Sesaat kabut di matanya yang suram menyibak. “Oh, yeah,” katanya.
“Susan? Apa yang terjadi?” aku bertanya dengan lembut, berusaha kelihatan tenang, untuk menutupi rasa syok dan kepedihanku karena melihat keadaannya ini.
“Oh?” ia bergumam tidak jelas, “Pasaran real estate ambruk, aku kehilangan pekerjaan, ibuku meninggal, saudara laki-lakiku mencuri warisanku, dan menendang aku keluar dari rumah, pokoknya banyak hal menyedihkan.”
“Sekarang kau tinggal di mana?”
“Di tempat penampungan,” gumamnya dengan malu
Kemudian seperti saat awalnya tadi sorot kecerdasan yang sempat muncul di matanya memudar, dan ia kembali tampak kebingungan.
“Susan, maukah kau tinggal di rumahku untuk sementara? Aku punya ruang bawah tanah yang sudah rapi. Kau bisa tinggal di sana dengan nyaman,” aku menawarkan.
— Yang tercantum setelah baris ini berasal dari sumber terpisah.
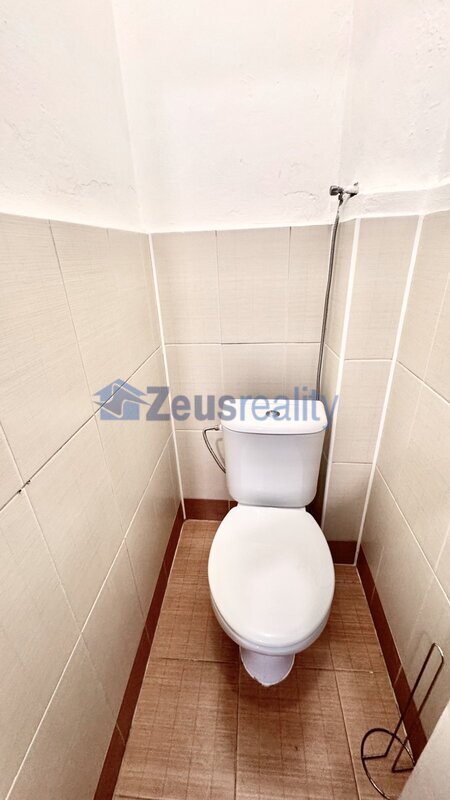 2+1/balkon/komora/95m2/Na veselí/Nusle/Praha 4/částečně zařízeno/u tramvaje a metro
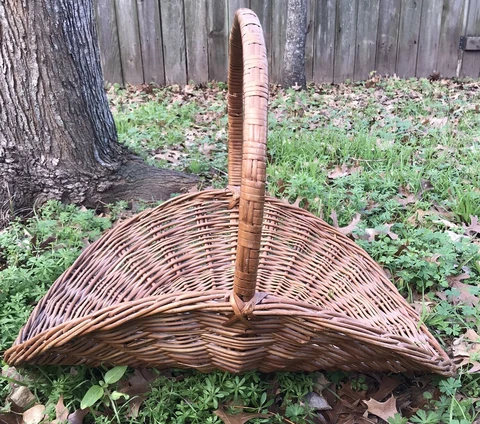 Vintage Large Hearth Gathering Wicker Basket Wood Farmhouse Style BOHO Cover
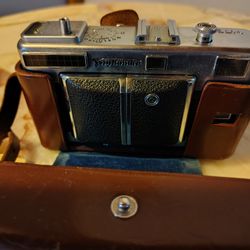 Voigtlander Vitessa German Camera With Agfalux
“Tidak, tidak, tidak”, katanya sambil menjauh dan memandangiku dengan tatapan curiga. “Aku mesti pergi sekarang. Aku ada janji. Aku mesti pergi.”
“Susan” aku berlari dan membujuknya. ” Aku ingin menolongmu. Ini nomer teleponku? Teleponlah aku.” Dengan apatis ia menerima kartu namaku.
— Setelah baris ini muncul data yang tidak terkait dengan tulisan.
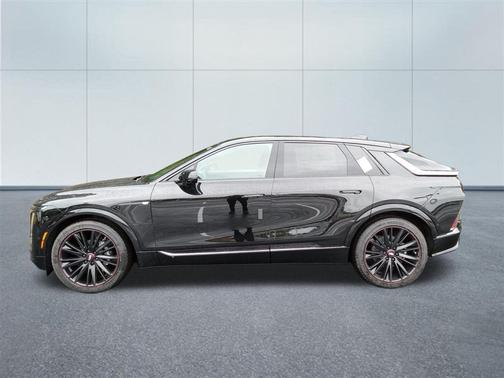 2025 Cadillac LYRIQ Sport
“Susan,” aku mendesaknya, “Kau mau meneleponku kan?”
“Tentu, tentu,” gumamnya sambil mundur dengan cepat.
Tapi ia tak pernah menghubungiku.
Bisakah kehidupan berubah begitu cepat? Pemilik The Better Half dihantui dan merasa terpukul dengan peristiwa tersebut, dan ia masih terus teringat, bertahun-tahun sesudahnya. Ia jadi belajar untuk tak pernah menerima kelimpahan dalam hidupnya sebagai sesuatu yang sudah semestinya. Bahkan, meski ia mensyukuri berkat-berkat yang diterimanya dan berterima kasih pada Tuhan atas segala sesuatunya, ia juga menjadi sadar betapa mudahnya semua itu bisa diambil darinya. (gunawan nugroho, disadur dari ‘Small Miracles’ – SM)
Originally posted 2010-12-18 07:35:42.